More than nine in 10 (92 percent) of the world’s largest firms have at least one asset at ‘high risk’ to physical hazards caused by climate change by the 2050s, according to research from S&P Global – a figure that rises to 98 percent by the 2090s.
More than a third (34 percent) of companies in the S&P 1200 have at least one asset where the physical risks of climate change are equivalent to 20 percent or more of that asset’s value by the 2050s, rising to 48 percent by the 2090s unless something changes, say the researchers.
This jumps to 70 percent by the 2050s among utilities, energy and materials companies, adds S&P Global.
Researchers deem an asset to be high risk if it scores more than 75 out of 100 in the firm’s newly launched Physical Risk Exposure Scores and Financial Impact dataset. The dataset includes exposure scores, describing the exposure of an asset or company to climate-change hazards as well as financial impact metrics reflecting the projected future financial costs of changing hazard exposure, expressed as a percentage of the value of the exposed assets.

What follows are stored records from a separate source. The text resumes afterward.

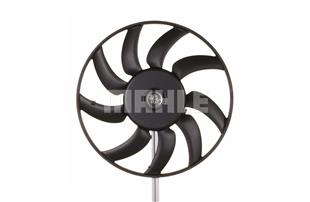 VW FAN MOTORU A4-A5 2.0 TDI CAGA-CAHB SOL - VW - OEM 8K0959455K
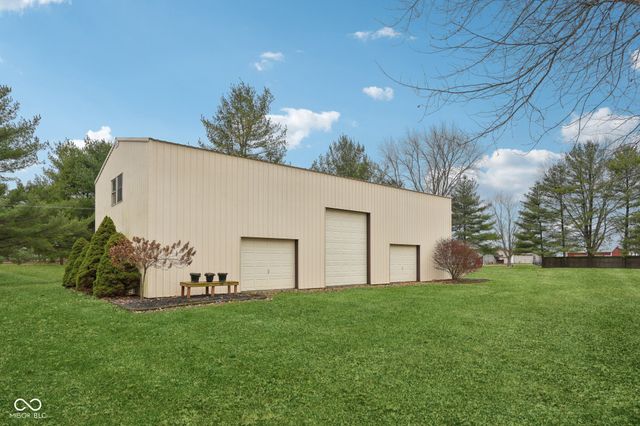 2579 Cardinal Drive, Pittsboro, IN 46167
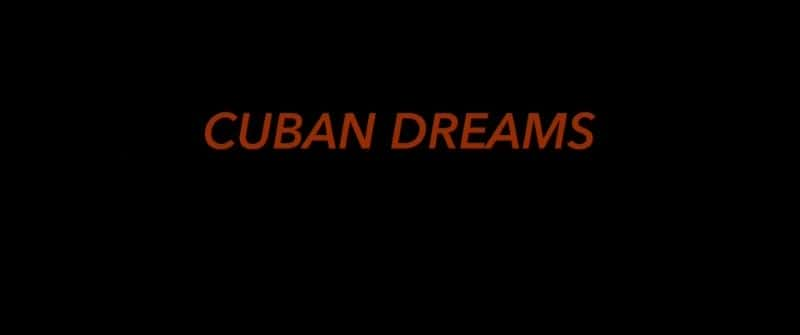 ¼ƬŰ͵/Cuban Dreams-Ļ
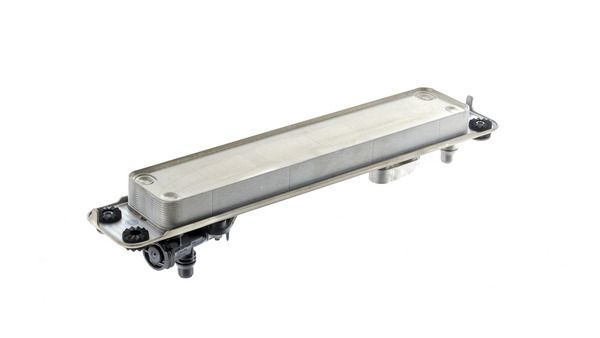 &Ouml;lk&uuml;hler, Automatikgetriebe
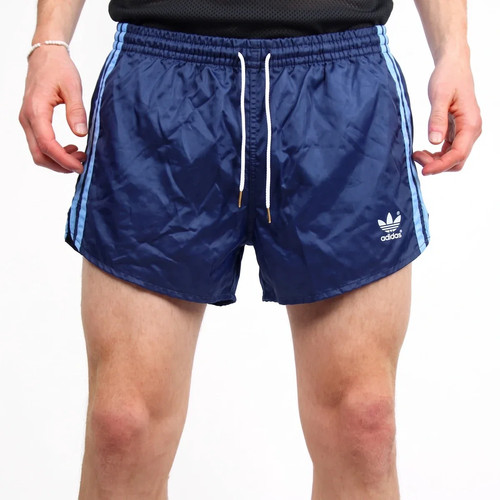 Adidas shorts glanz nylon - shorts,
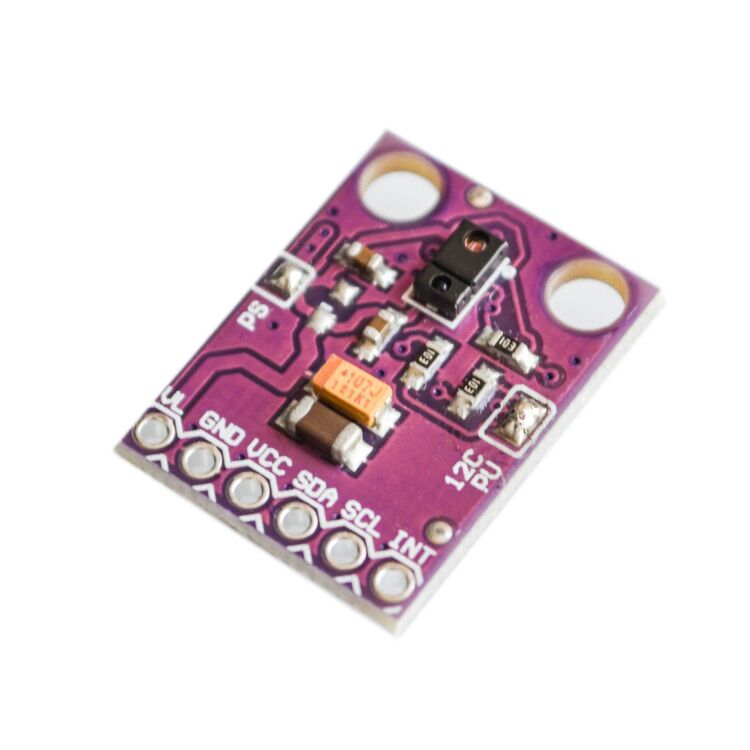 Gesture and RGB Sensor APDS 9960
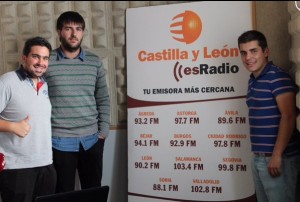 David Rodríguez, en #HacemosCantera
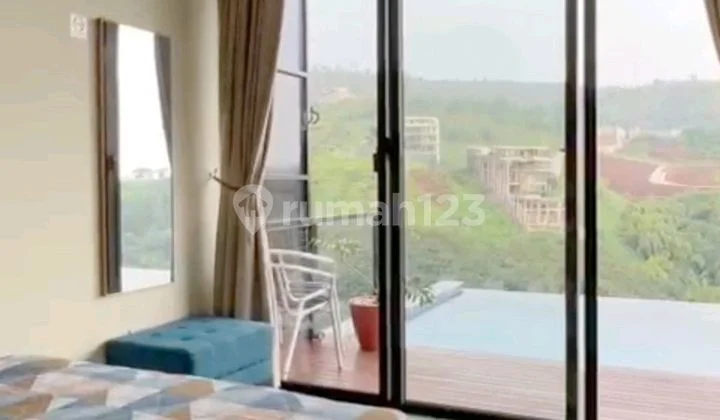 Elite Resort Dago Pakar Complex House Elite Resort Dago Pakar Complex House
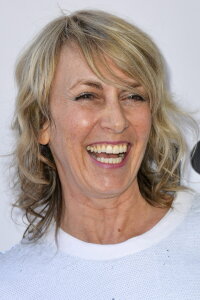 Bronwen Hughes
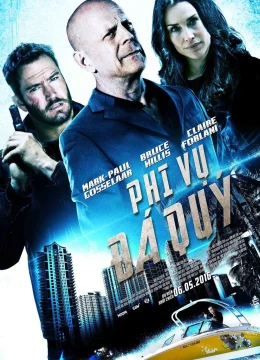 Xem Phim Phi Vụ Đá Quý Thuyết Minh Online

It covers exposure to eight climate change hazards: extreme heat, extreme cold, wildfire, water stress, drought, coastal flood, fluvial flood and tropical cyclone. The dataset provides information on the exposure of more than 20,000 companies and more than 870,000 asset locations, says the firm, offering decadal averages from the 2020s to the 2090s for all scenarios and hazards on a ‘business as usual’ basis.
S&P Global says the share of large companies with assets at high physical risk could be reduced to 39 percent – a 20 percent reduction – by the 2090s under an emissions scenario consistent with limiting global temperature rises to less than 2°C.

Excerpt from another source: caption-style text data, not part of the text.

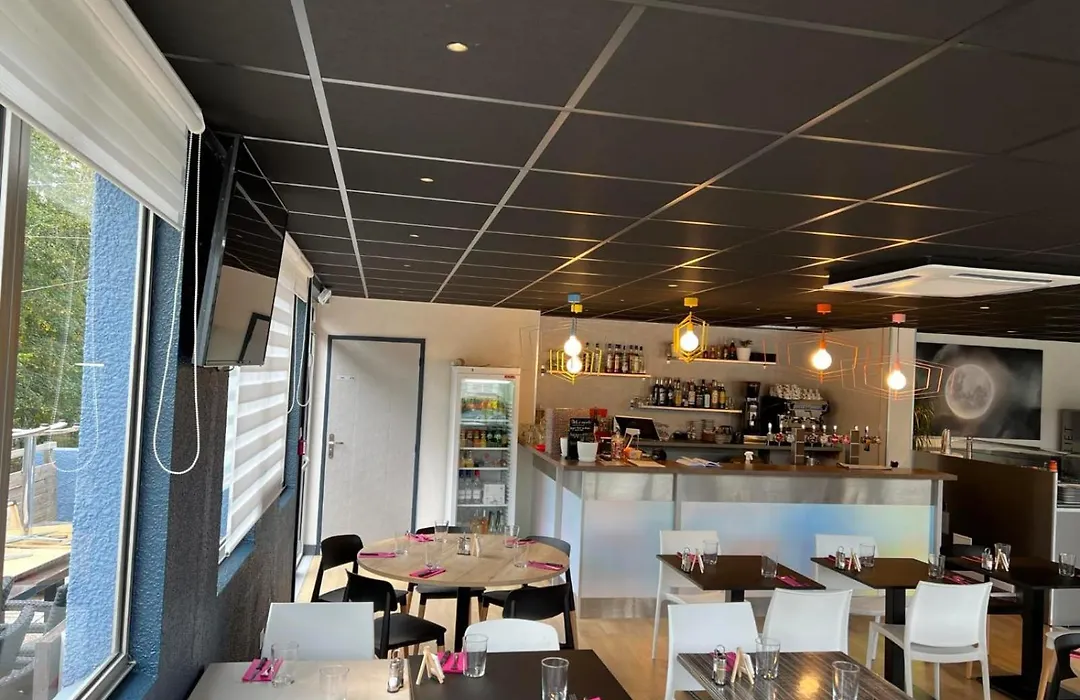 Hôtel Ariane-1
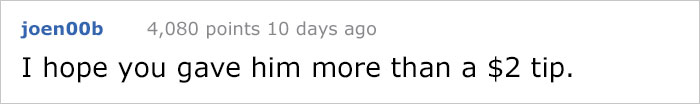 Guy Shares The Story Of How Domino's Pizza Tracker Saved Him From His Violent Ex-Girlfriend Guy Shares The Story Of How Domino's Pizza Tracker Saved Him From His Violent Ex-Girlfriend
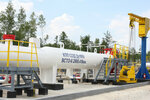 РНУ Дальнереченск Транснефть - Дальний Восток (Dalnerechensk, Promyshlennaya ulitsa, 9), oil and gas company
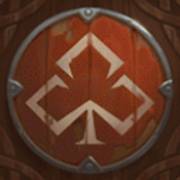 Age of Asgard: Трефы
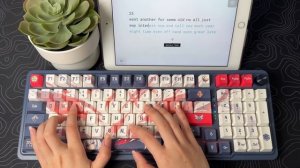 Redragon EISA K686 PRO SE Keyboard Review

‘In 2022, many countries have experienced unprecedented weather conditions, including heat waves in the UK, wildfires in the US and record temperatures in China,’ says Steve Bullock, managing director, global head of ESG innovation and solutions at S&P Global Sustainable1, the sustainability intelligence arm of S&P Global.
‘Against this backdrop, this new dataset uses the best available climate models and integrates a new climate-change hazard – drought – to ensure market participants have access to high-quality data and evidence-based insights as they seek to understand and adapt to their exposure to the physical risks of climate change.’
At a time when investors and companies alike are seeking to ‘quantify the financial impact of climate change at asset level,’ James McMahon, CEO of The Climate Service, which was acquired by S&P Global in January this year, adds that the new dataset ‘allows companies and investors to understand their climate risks – and, vitally, what they could cost’.